Are You Just Getting Cold Feet or Is It Time to Break Up?
When a relationship starts to get serious, sometimes you may find yourself wondering – is this what I want? Where is this relationship going? What does my boyfriend or girlfriend want?
These feelings are natural, and they are a normal part of emotional development as a relationship evolves from something casual and exploratory to a more serious situation. But it can be hard to see through such feelings and to decide whether they’re just proverbial “cold feet” or a serious sign that the relationship isn’t going to work out.
Use Your Brain — Trust Your Feelings
It is important to trust your feelings, but it’s equally important to use your brain, to be reasonable about your relationship. Break up a relationship every time you have any doubt and you’ll never get anywhere. But how can you tell the difference between normal cold feet – reasonable anxiety about moving forward with a serious relationship – and genuine subconscious warning signals that things aren’t right?
One of the biggest ways to figure out your feelings is to give yourself time. Don’t act on a sudden impulse and break up with someone as soon as you feel some anxiety about the future. Cold feet are normal, but they don’t last forever. Give yourself the gift of time to let your feelings evolve.
Untangle Emotions with Free Writing
To help yourself untangle normal anxious feelings from more serious emotional signals, try some free writing. Take time each day to scribble down some of your ideas about how you feel about your relationship. Keep this information private – you don’t ever have to show it to anyone or tell anyone about it.
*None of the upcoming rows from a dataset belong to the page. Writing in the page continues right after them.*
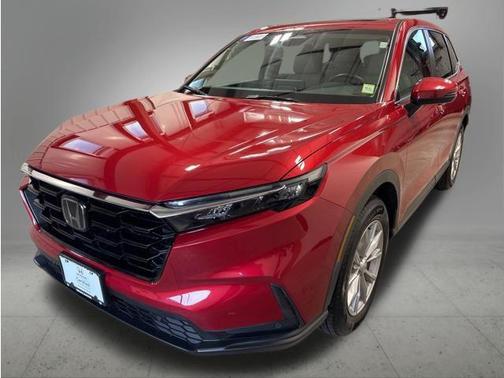 Radiant Red Metallic 2025 Honda CR-V EX-L AWD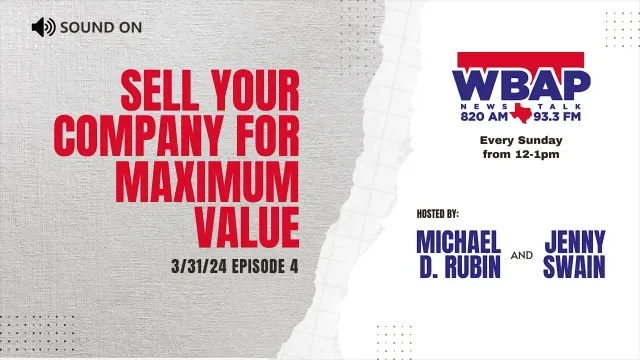 Unlocking Higher Offers — Sell Your Company for Maximum Value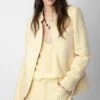 Zadig & Voltaire Very Linen Blazer Cedra
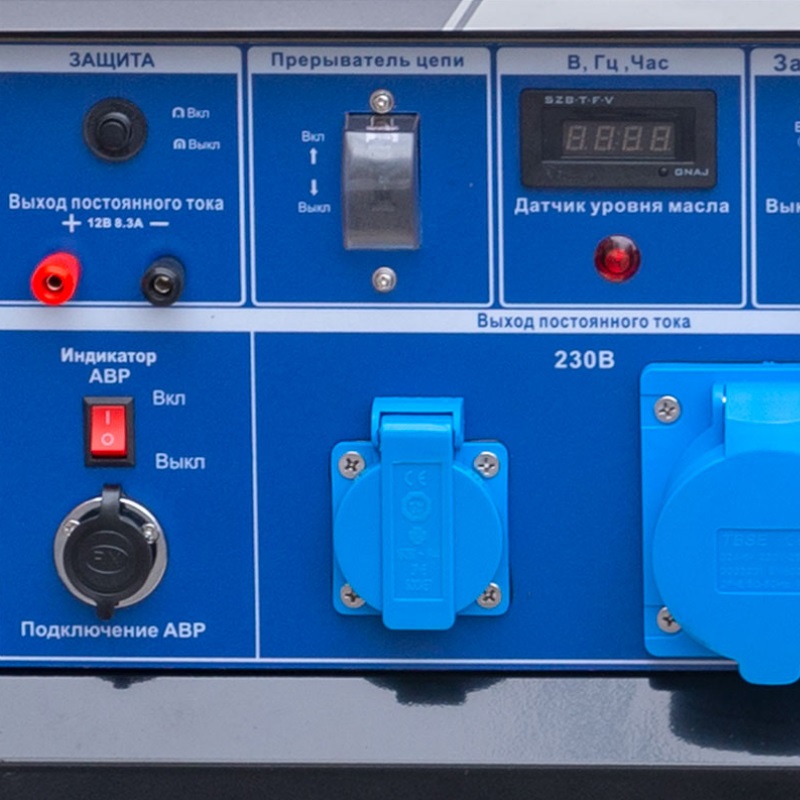 Дизельный генератор TSS SDG 6000EHA, 77014 в Ярославле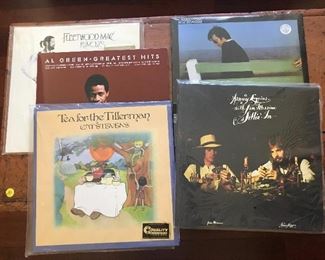 All the albums will be sold as one lot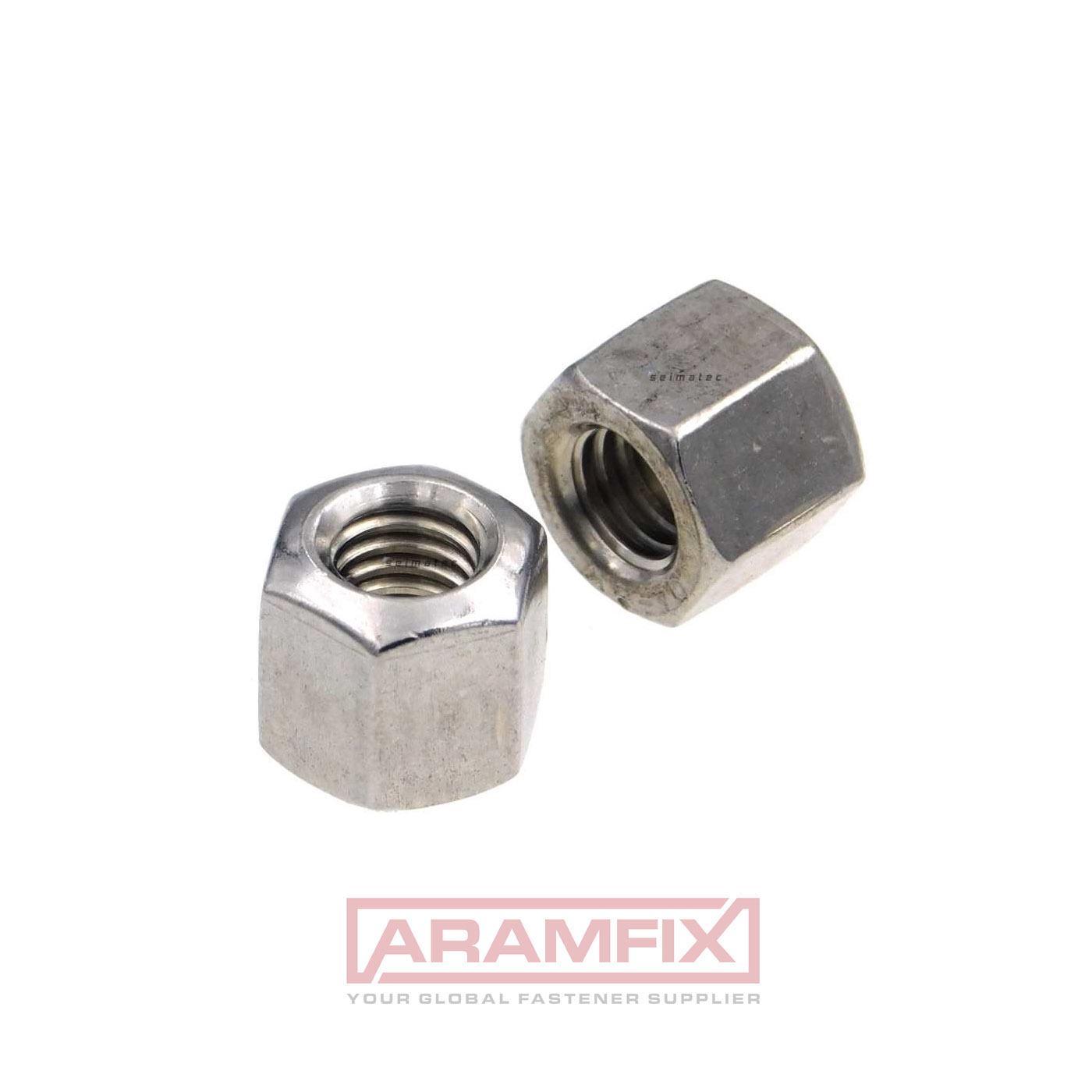 Locknuts All Metal M12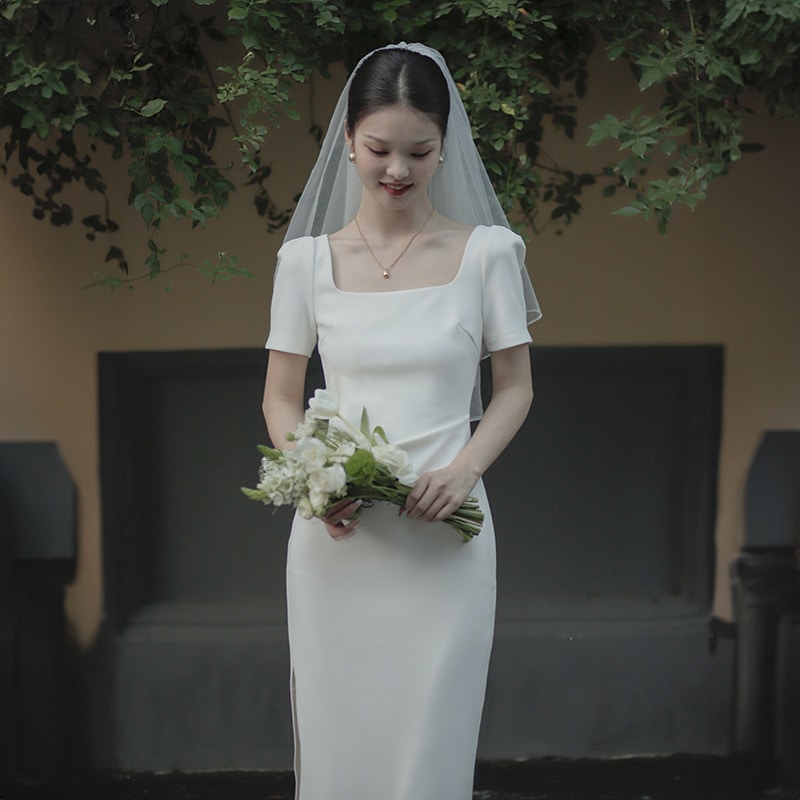 高級感 ウェディングドレス パーティードレス 姉妹ドレス お呼ばれドレス フレンチヴィンテージ ロングドレス ワンショルダー マーメイド スリミングレース結婚式二次会 成人式 前撮り 高級感 ウェディングドレス パーティードレス 姉妹ドレス お呼ばれドレス フレンチヴィンテージ ロングドレス ワンショルダー マーメイド スリミングレース結婚式二次会 成人式 前撮り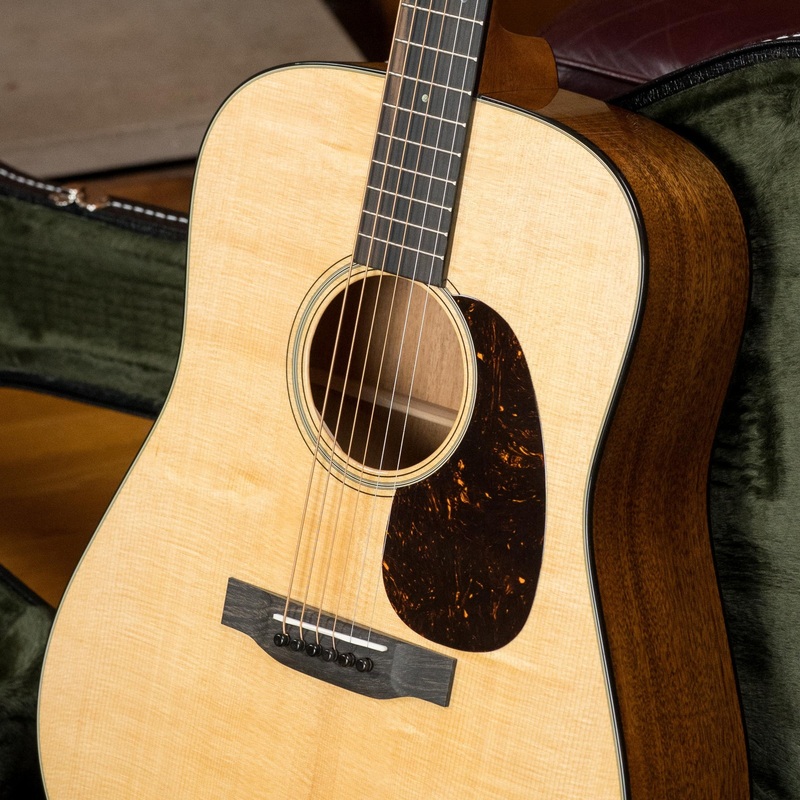 *New 2025 Model* Martin D-18 Spruce/Mahogany Gloss Finish Dreadnought Acoustic Guitar #9680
Make two columns on a piece of paper and list positive and negative aspects of your relationship. Do this every day for a week or two and you will certainly start to see patterns in your own thinking and in your emotions.
Another writing task might help – ask yourself the simple question “Why do I want to break up?” and then just write whatever comes into your head for five minutes.
You’d be surprised how much you can scribble down in five minutes. Read the paper and then destroy it so you don’t have to worry about anyone else ever finding it. Be honest with yourself.
Even writing ideas down and destroying the paper they’re written on will help you clarify your thoughts and feelings. The things you’ve written will stick in your mind and your brain will turn them over, sorting through them while you are awake and while you are asleep. Your subconscious mind is a powerful ally and can really help you make sense of a confusing situation given a little time.
It’s not always easy to be honest with yourself – we all have certain fears and irrational anxieties that keep us from telling the truth sometimes, even to ourselves. But sometimes scribbling down these fears, giving them life on paper, can defang them and deprive them of some of their power.
Concentrate on distinguishing between normal commitment jitters – loss of independence, restriction of your romantic choices and opportunities, financial entanglement – and more serious “deal breaker” problems. Normal jitters often come from the simple fear of growing older and moving into a more serious, grown up phase of life, leaving the freedom of youth behind.
Our popular culture celebrates youth as the most important thing in life, and it’s hard to let go of the message we all get constantly from advertising, movies, and music. But growing up is a normal and necessary part of life, and if you give yourself a little time to adjust to that idea, you will be OK.
Is the Problem with Commitment or Your Partner?
Are you afraid of commitment or afraid of your partner? Those are two very different things. Are you “settling” for someone who has serious, unresolved issues of some sort? In this case, you have to trust your gut. What does it tell you about your partner? If they have serious problems with alcohol, drugs, gambling, promiscuity or anger, then it might be better for you to break up, especially if they deny those problems and are unwilling to seek help for them.
Perhaps it’s the other way around and you have fears about yourself, that maybe you aren’t serious relationship material. The best way to deal with these sorts of doubts is to have a frank, honest discussion with your boyfriend or girlfriend about your relationship and where it’s going.
Again, just as you need to give yourself time to process your feelings, make sure you give your partner time to reflect on the situation, too. Bring up the subject of your relationship and your future and tell them you’d like to talk about it sometime. But don’t force the issue by expecting an immediate answer. Let them have some time to think and figure out what they want, too.
You may be surprised to find that both of you have doubts about yourselves and about committing to a more serious relationship. That’s fine and it’s normal.
In the end, you will probably never feel 100 percent ready to move forward into a more serious relationship. That’s not human nature. Try giving yourself a percentage score, though. Think and write about your feelings, and then decide – I’m 70 percent ready, or I’m 25 percent ready.
Do this periodically and it can really help with major relationship decisions, like whether to move in together, get married, or try to have a child.
If you ever get to 75 percent ready or higher, then you’re probably as ready as you will ever be. Don’t wait for 100!